As a teenager I participated in the meetings of the city council of my hometown Ravensburg to represent the pupils of all schools and organised political panel discussions to motivate young people to get involved in elections and politics. Later I studied Politics & Administration and Public Professional Decision Making in Constance, Cork, Bremen and Florence. To finalise my studies I had to do an internship and joined ACT NOW because of their conference on “social cohesion in cities and communities” – the topic of my master thesis and focal point of my political thinking. And I wanted to move to Vienna to be honest. Later, I got the chance to manage the Mayors’ Network and design and curate the ACT NOW Mayors’ Conference which was and is a great and challenging opportunity.

What’s your favorite part of your job? Why is that?

I value especially direct contact with value-driven leaders and committed local communities. I want to support them to collaborate, implement smart and sustainable practices and tell engaging narratives. It is the best way to create impact I could think of. At the local level, we can directly shape the way we live together and create good and exciting living conditions for everyone if we take action together. 

The best way to connect diverse people is human contact, personal encounters and shared stories.

Mathis Dippon

What’s your favorite part about working remotely?

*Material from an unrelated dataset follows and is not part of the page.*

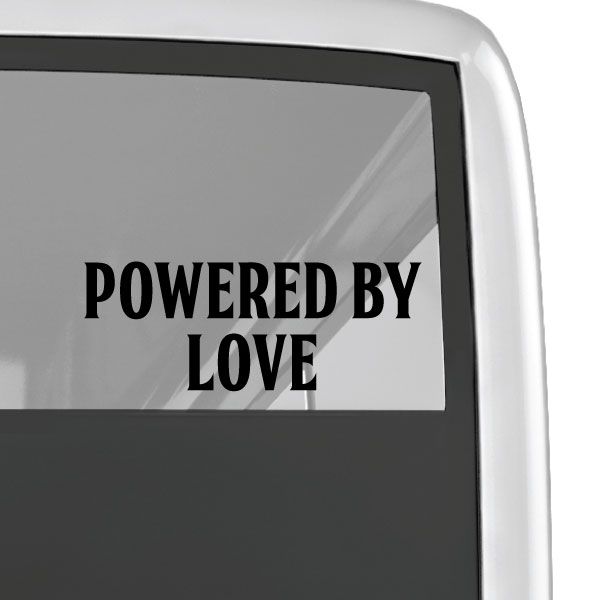 Powered By Love decal with black lettering on a clear surface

What about in-office?

In-office: Obviously chatting with colleagues, having short communication lines. And I enjoy creative workshops in person. It is much more fun and also more efficient to be in one room when you want  to develop complex projects

Remotely: It is great to spend more time during the day with my loved ones, e.g. I enjoyed working for a couple weeks from my parent’s house. Instead of rushing home for a weekend and being in a hurry the whole time, I could spend a longer period of time with them and meet good friends after work. This setting takes out the pressure and you can take care of important personal relationships. 

What’s one thing you’re learning now, and why is it important?

I am studying again – “Cooperative Urban and Regional Development” at the University of Vienna to get a deeper understanding of the complex and dynamic development of cities and regions. It helps a lot to design programmes and projects to transform the local level. 

You have a lovely personal project about human connection and encounters which says “Encounters are the key to good cooperation – with people who are different from us”. Can you tell me more about Anders Begegnen

In times of populism and hate speech, it’s obvious that we have to connect societal bubbles in order strengthen social cohesion in a very diverse society. We like to stay in our bubbles where we receive confirmation. But it accelerates polarisation as we lose the connection and understanding for fellow human beings who have another lifestyle or live in other contexts. This setting produces conflict, hatred and blame. Instead we should find ways to embrace diversity AND treat each other well. The best way to connect diverse people is human contact, personal encounters and shared stories. That is why we collect and share these stories at Anders Begegnen. Anyone can share their story with us.

What’s your favorite movie?

Inception – great story and great cast!

You are passionate about city planning and how people live together in cities. What’s a major trend right now that you particularly look forward to on this topic. How do you see city planning evolve in the coming years? 

I am excited that nature will come back to our cities. The so-called blue-green infrastructure will be necessary to deal with the climate emergency and will also strengthen social cohesion. It not only helps to cool the air and mitigate extreme weather conditions. It also beautifies our neighbourhoods and creates spaces where people like to spend time and meet each other. Who doesn’t prefer to spend time in a garden instead in a parking lot?